» **Exercise goal**:
For each line in the records that contains "Martin", make a copy.

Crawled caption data
--------------------

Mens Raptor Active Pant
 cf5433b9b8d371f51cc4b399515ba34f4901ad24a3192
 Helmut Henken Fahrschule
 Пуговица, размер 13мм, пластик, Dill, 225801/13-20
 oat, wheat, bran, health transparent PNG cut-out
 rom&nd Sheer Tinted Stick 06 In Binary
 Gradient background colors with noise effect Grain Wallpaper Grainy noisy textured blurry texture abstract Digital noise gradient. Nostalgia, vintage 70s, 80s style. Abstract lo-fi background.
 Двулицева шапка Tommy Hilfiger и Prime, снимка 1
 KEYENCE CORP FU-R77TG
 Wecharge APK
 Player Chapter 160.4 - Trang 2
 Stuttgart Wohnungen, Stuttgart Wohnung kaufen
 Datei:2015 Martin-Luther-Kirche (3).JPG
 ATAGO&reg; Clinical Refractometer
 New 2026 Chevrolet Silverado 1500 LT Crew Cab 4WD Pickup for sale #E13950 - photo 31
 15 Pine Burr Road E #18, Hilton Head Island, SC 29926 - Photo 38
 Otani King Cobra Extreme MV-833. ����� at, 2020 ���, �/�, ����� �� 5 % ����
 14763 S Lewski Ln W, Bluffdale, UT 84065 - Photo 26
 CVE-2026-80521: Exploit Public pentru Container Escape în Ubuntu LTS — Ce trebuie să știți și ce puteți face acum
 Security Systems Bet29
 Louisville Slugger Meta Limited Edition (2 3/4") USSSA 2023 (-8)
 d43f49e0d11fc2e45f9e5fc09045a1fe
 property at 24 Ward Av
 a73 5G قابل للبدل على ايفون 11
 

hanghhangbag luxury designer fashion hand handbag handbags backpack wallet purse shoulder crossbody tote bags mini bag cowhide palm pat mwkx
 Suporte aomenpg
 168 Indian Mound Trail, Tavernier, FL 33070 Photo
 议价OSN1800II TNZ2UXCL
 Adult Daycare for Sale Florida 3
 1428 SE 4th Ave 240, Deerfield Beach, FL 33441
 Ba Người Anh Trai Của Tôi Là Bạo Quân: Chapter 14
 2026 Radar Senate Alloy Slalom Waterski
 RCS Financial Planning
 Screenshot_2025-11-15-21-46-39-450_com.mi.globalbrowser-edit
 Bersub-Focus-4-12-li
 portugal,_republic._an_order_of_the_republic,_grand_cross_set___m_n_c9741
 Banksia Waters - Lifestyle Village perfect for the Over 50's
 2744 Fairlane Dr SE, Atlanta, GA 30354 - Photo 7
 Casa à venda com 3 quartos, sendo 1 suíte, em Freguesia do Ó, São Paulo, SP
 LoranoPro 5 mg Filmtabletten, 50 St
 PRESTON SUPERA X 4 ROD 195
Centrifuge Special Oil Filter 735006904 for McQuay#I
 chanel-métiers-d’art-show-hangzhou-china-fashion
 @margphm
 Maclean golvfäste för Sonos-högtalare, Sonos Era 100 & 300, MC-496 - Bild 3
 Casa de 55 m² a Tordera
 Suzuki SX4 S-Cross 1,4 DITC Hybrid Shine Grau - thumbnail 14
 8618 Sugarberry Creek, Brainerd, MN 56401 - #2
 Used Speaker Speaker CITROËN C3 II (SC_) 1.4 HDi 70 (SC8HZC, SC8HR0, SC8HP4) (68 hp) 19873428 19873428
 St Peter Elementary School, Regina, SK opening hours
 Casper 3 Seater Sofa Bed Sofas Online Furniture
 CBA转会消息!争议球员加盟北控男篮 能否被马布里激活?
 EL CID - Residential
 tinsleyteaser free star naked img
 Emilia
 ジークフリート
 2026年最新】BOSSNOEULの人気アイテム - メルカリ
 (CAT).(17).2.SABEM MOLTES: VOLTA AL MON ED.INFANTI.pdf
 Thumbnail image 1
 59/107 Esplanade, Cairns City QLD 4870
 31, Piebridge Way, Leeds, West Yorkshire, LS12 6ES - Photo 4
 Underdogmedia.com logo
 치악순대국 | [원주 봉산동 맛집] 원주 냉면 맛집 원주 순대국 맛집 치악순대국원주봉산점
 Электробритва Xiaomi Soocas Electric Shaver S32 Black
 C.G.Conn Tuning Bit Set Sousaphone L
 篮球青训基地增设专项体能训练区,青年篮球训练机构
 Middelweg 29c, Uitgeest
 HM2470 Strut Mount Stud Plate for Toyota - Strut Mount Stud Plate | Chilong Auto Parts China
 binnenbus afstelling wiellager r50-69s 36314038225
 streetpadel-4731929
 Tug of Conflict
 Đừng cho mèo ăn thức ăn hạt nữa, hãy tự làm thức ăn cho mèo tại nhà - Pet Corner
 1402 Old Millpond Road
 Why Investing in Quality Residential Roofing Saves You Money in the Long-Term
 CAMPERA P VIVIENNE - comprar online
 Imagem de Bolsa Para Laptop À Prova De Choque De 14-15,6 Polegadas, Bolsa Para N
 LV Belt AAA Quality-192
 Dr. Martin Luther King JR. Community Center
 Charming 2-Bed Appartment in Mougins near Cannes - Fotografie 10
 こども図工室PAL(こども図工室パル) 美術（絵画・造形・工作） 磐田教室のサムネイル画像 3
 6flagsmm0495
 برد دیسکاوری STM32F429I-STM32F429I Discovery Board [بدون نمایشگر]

--------------------

» **Solution**:
 Datei:2015 Martin-Luther-Kirche (3).JPG
 Dr. Martin Luther King JR. Community Center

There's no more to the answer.